## The problem
Would you transcribe the lines running from the one that holds "Casa de Condomínio" to the last line of the records? Leave every picture out.

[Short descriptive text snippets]
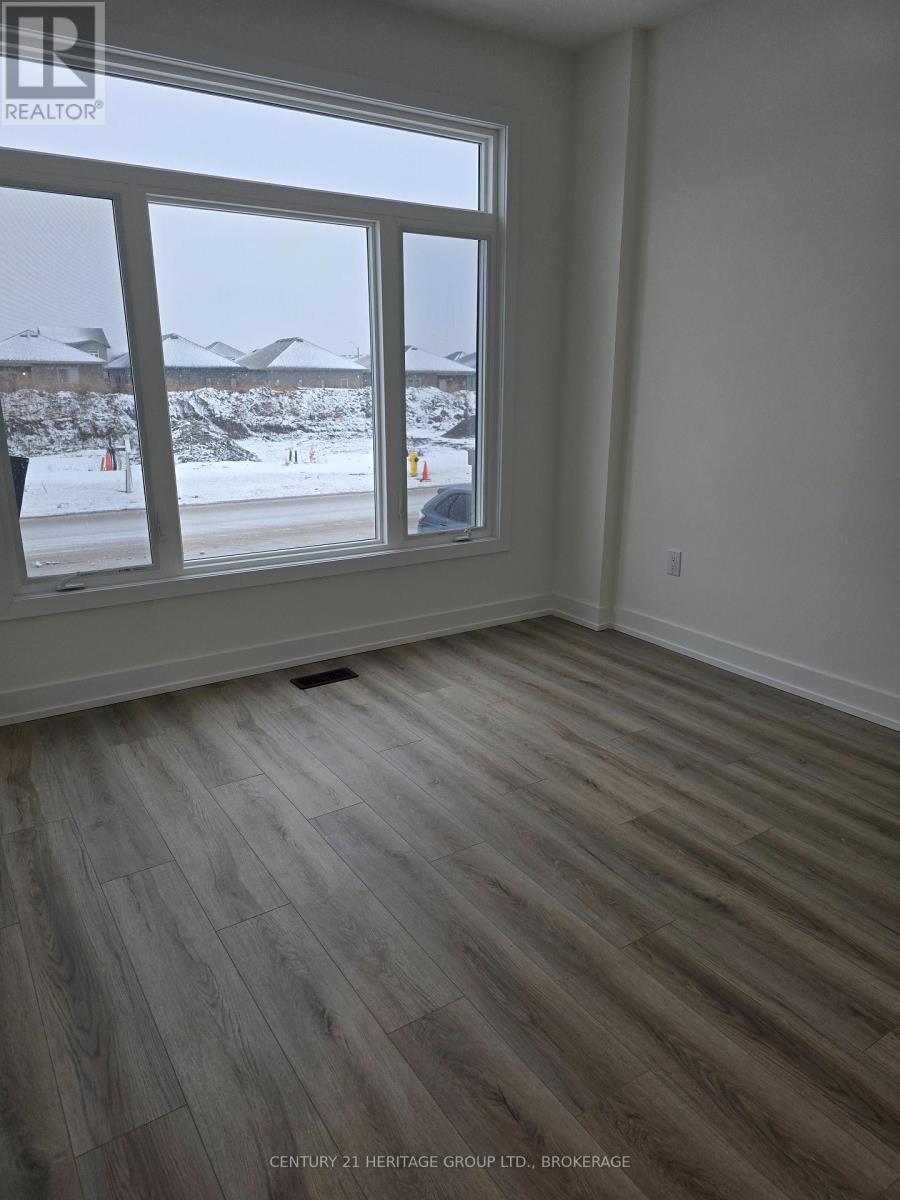 105 Creighton Drive, Loyalist, Ontario  K0H 2H0 - Photo 9 - X11932977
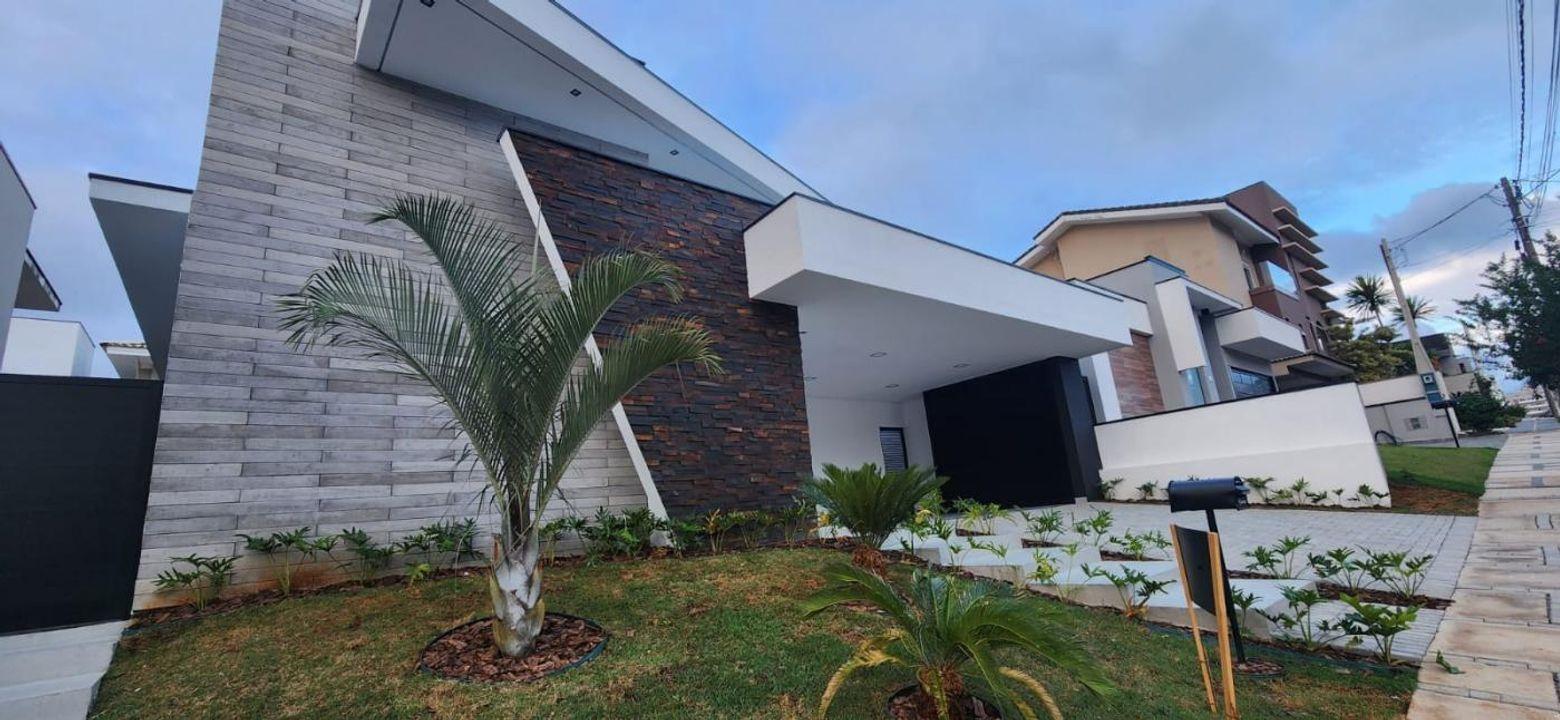 Casa de Condomínio à venda com 3 quartos, 300m² - Foto 3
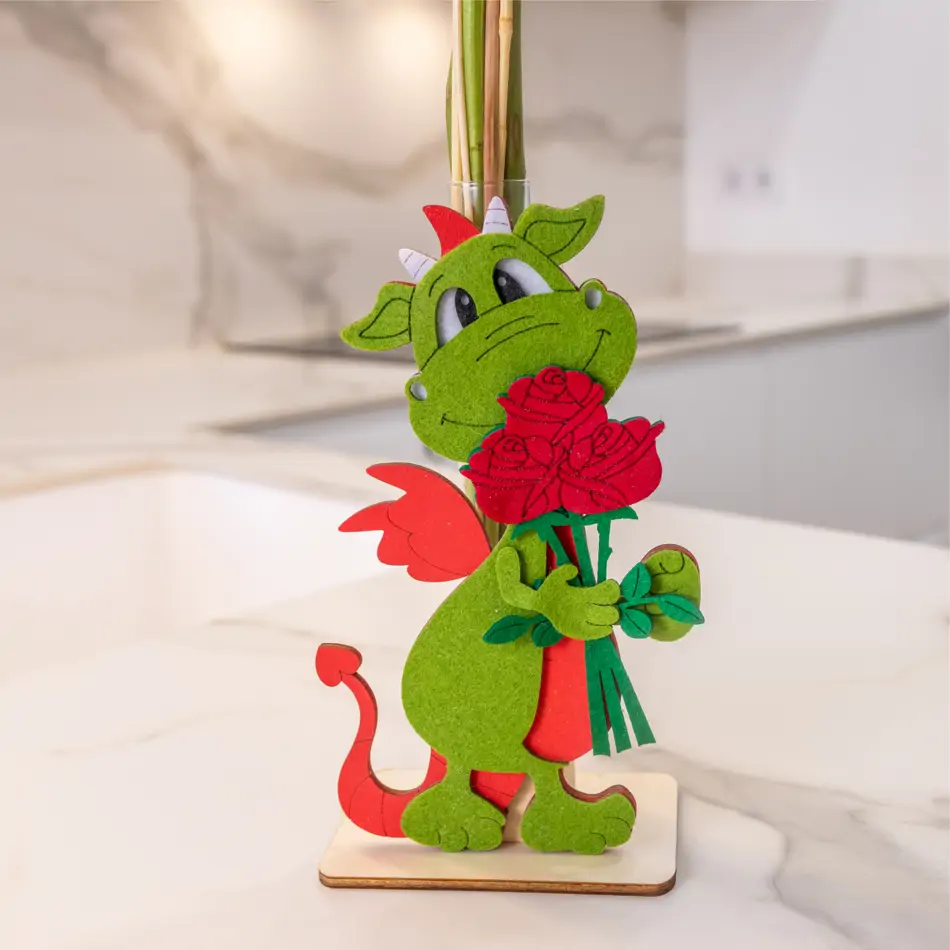 Figura Artesanal amb Drac i Rosa a Mà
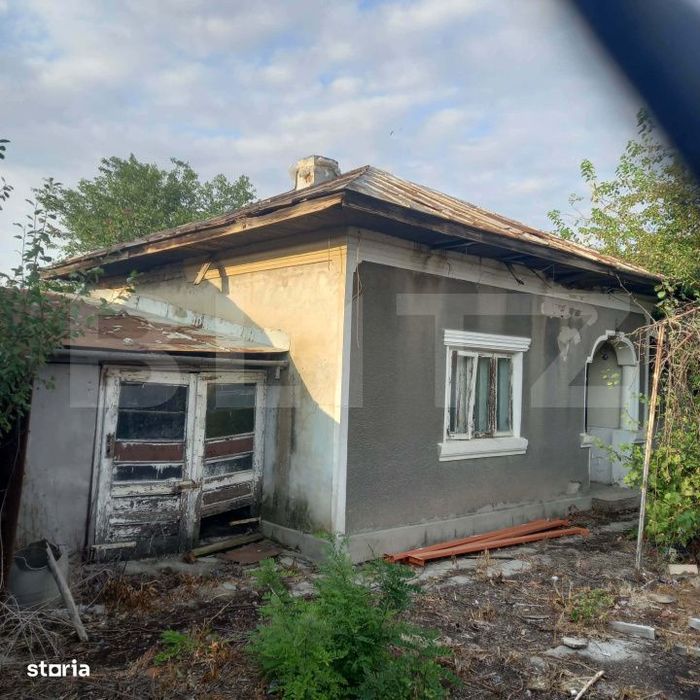 Casă De Renovat Pe Teren De 910 Mp – Orbeasca De Sus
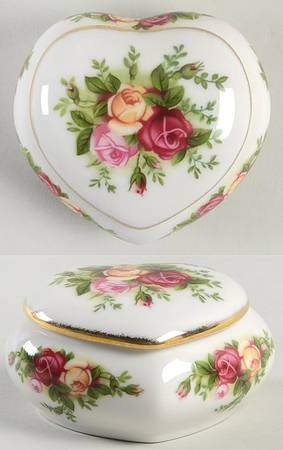 Old Country Roses 2" Heart Shape Box & Lid
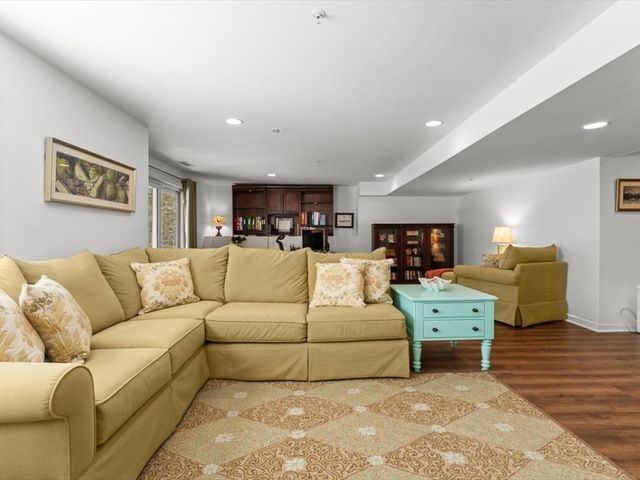 100 Buttercup Ln 100, Grafton, MA 01560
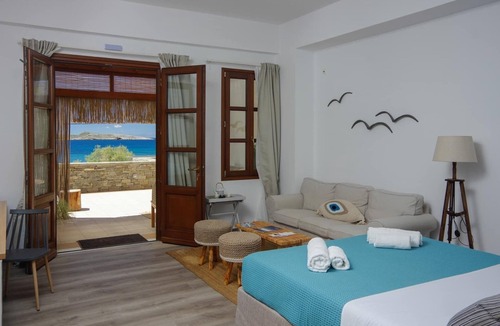 Vissa House | Syros Wellness Luxury Suites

## Final answer
 Casa de Condomínio à venda com 3 quartos, 300m² - Foto 3
 Figura Artesanal amb Drac i Rosa a Mà
 Casă De Renovat Pe Teren De 910 Mp – Orbeasca De Sus
 Old Country Roses 2" Heart Shape Box & Lid
 100 Buttercup Ln 100, Grafton, MA 01560
 Vissa House | Syros Wellness Luxury Suites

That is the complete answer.